10/6/10

Voy sentado de espaldas a la dirección del tren. Me gusta ver que el paisaje huye hacia adelante. Lo que voy dejando atrás sale disparado hacia el horizonte: el monte bajo, un puente lleno de grafittis, la tarde fría de un jueves de junio. Ahora que estoy aquí sentado pienso que escribir se parece a viajar en un tren de espaldas al sentido de la marcha. Lo que dejo, lo que atravieso, todo ello sale disparado hacia delante como un proyectil de tiempo. Lo que veo dentro del vagón también me pertenece por unos instantes. Hay una pareja, un hombre y una mujer, ya han cumplido sesenta años, guardan un silencio dulce y lujoso, diría que estilizado por los años. El pelo de la mujer es atravesado a ratos por las últimas ráfagas de sol que se cuelan por su ventanilla. Él la mira de tanto en tanto. Deja que sus ojos azulados repasen sus contornos, no sólo los de su figura sino en los que intuye en el silencio que producen sus cuerpos o en las palabras sencillas que ella le dirige. Huelo el amor como una mosca milenaria que hubiera pactado la inmortalidad el último día del verano.

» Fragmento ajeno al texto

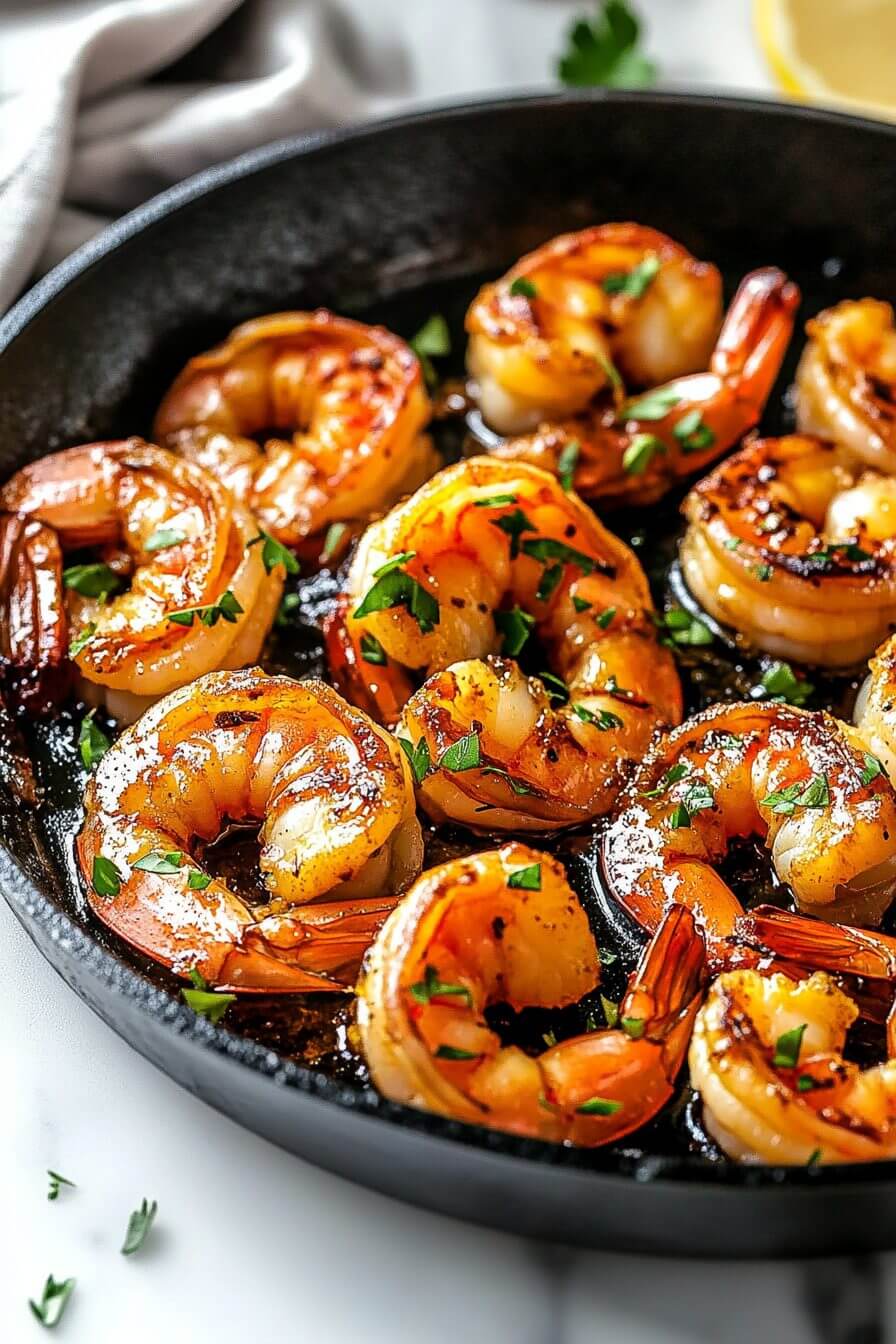 Quick & Healthy Dinner 20 Minute Honey Garlic Shrimp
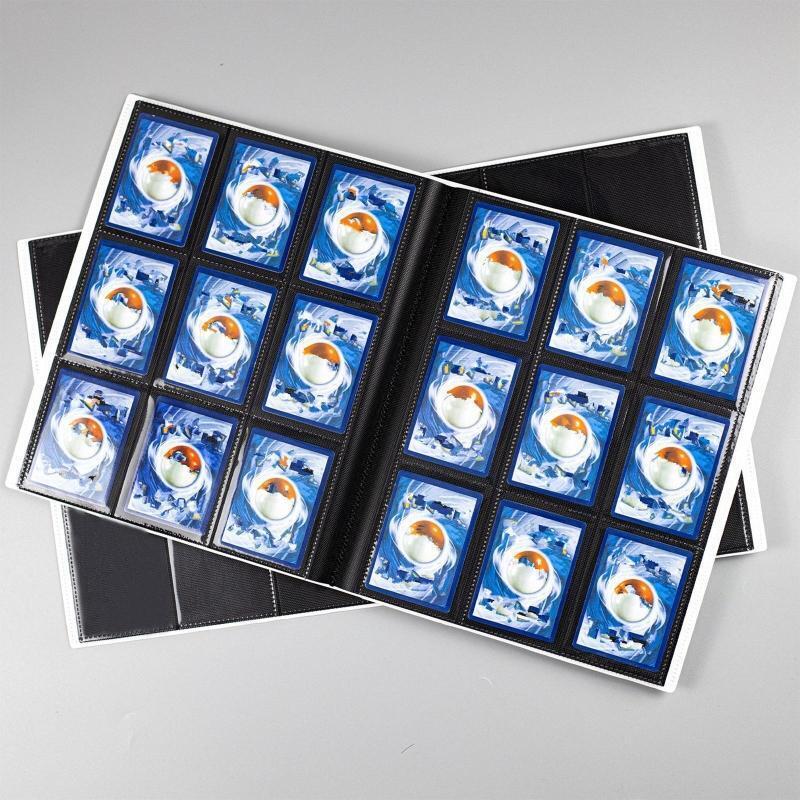 Double Sided Trading Card Album Folder Card Organizer w/ Strap for Trading Card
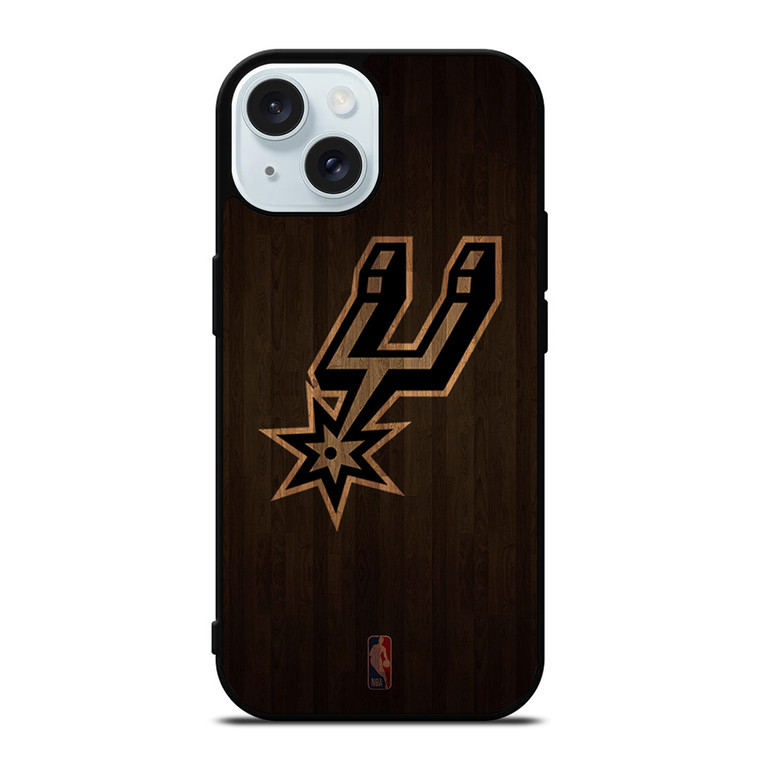 SAN ANTONIO SPURS BASKETBALL COURT NBA iPhone 15 Case Cover
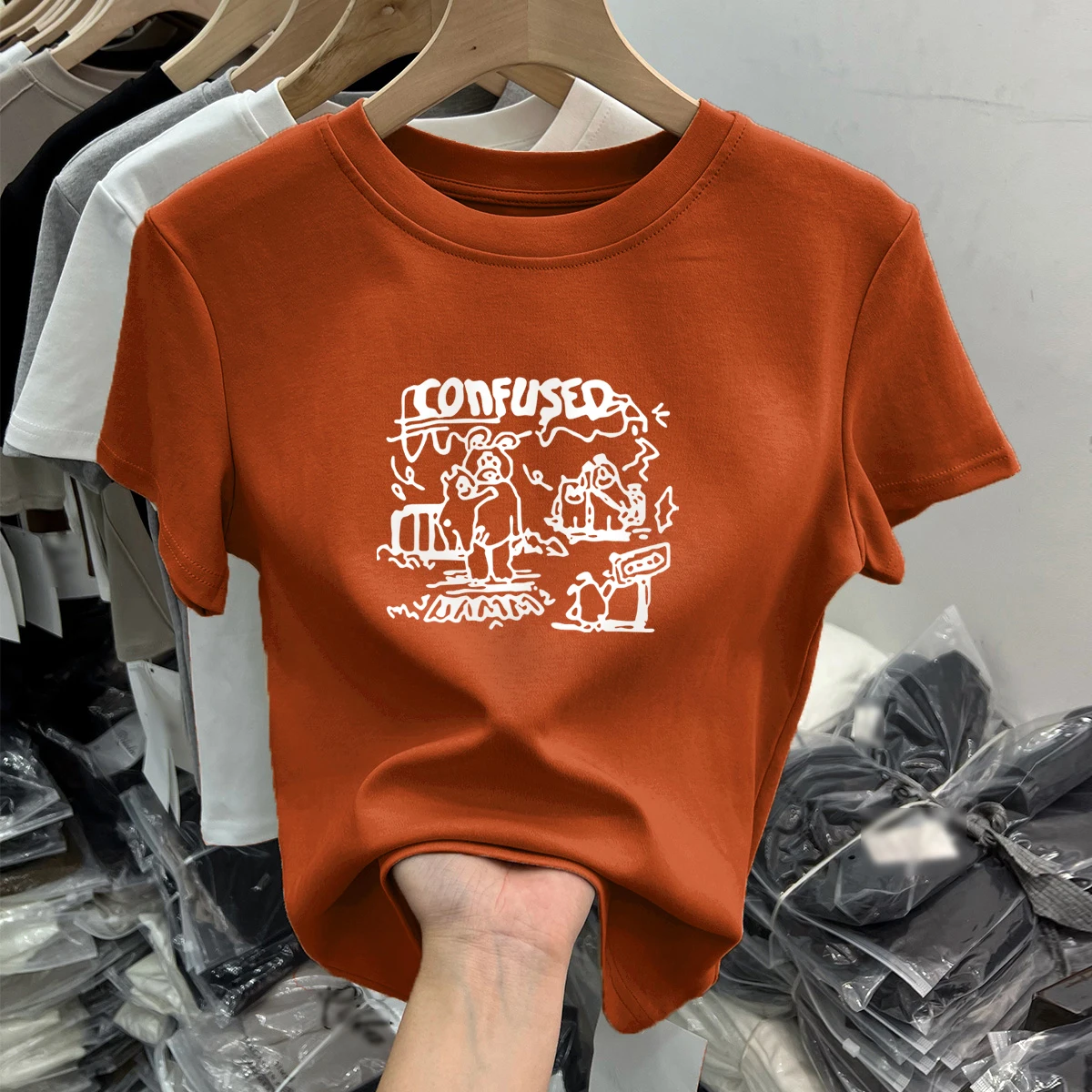 Orange [alphabet piggy white]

También hay otra mujer. Tendrá mi edad. Habla por teléfono con su madre. Sin querer me meto en su conversación y voy llenando mentalmente los huecos que no escucho. Mamá, te lo tenías que haber comprado también en otro color, le dice la hija. Veo a la madre con algo en la mano, algo de color azul que sopesa en la distancia. Su mano derecha lo acaricia. Es un jersey que descansa doblado en su regazo, quizá una blusa que ahora es recorrida por unas yemas cansadas. Las palabras de la hija proponen cercanía. Es el mismo amor que el de la pareja de enfrente. El tren sigue avanzando conmigo de espaldas. Tal vez el destino me colocó así para que pudiera verlos, para que cada uno de sus gestos quedasen reflejados aquí y después se adentraran en mí con un fin. Escribir es darle la espalda a la vida para poder verla. No conozco otra forma de hacerlo. No me imagino usando unos zancos ni con prismáticos ni construyendo una torre insonorizada desde la que asistir a los milagros anónimos. Podría asegurar que el noventa y cinco por ciento de los pasajeros de mi vagón confían en la fortaleza de los hilos que les unen a otras personas. Quizá sea la última luz de la tarde la que me empuja con esta valentía a las estadísticas. Voy sentado de espaldas y me alegro de que esta posición me haya enseñado algo.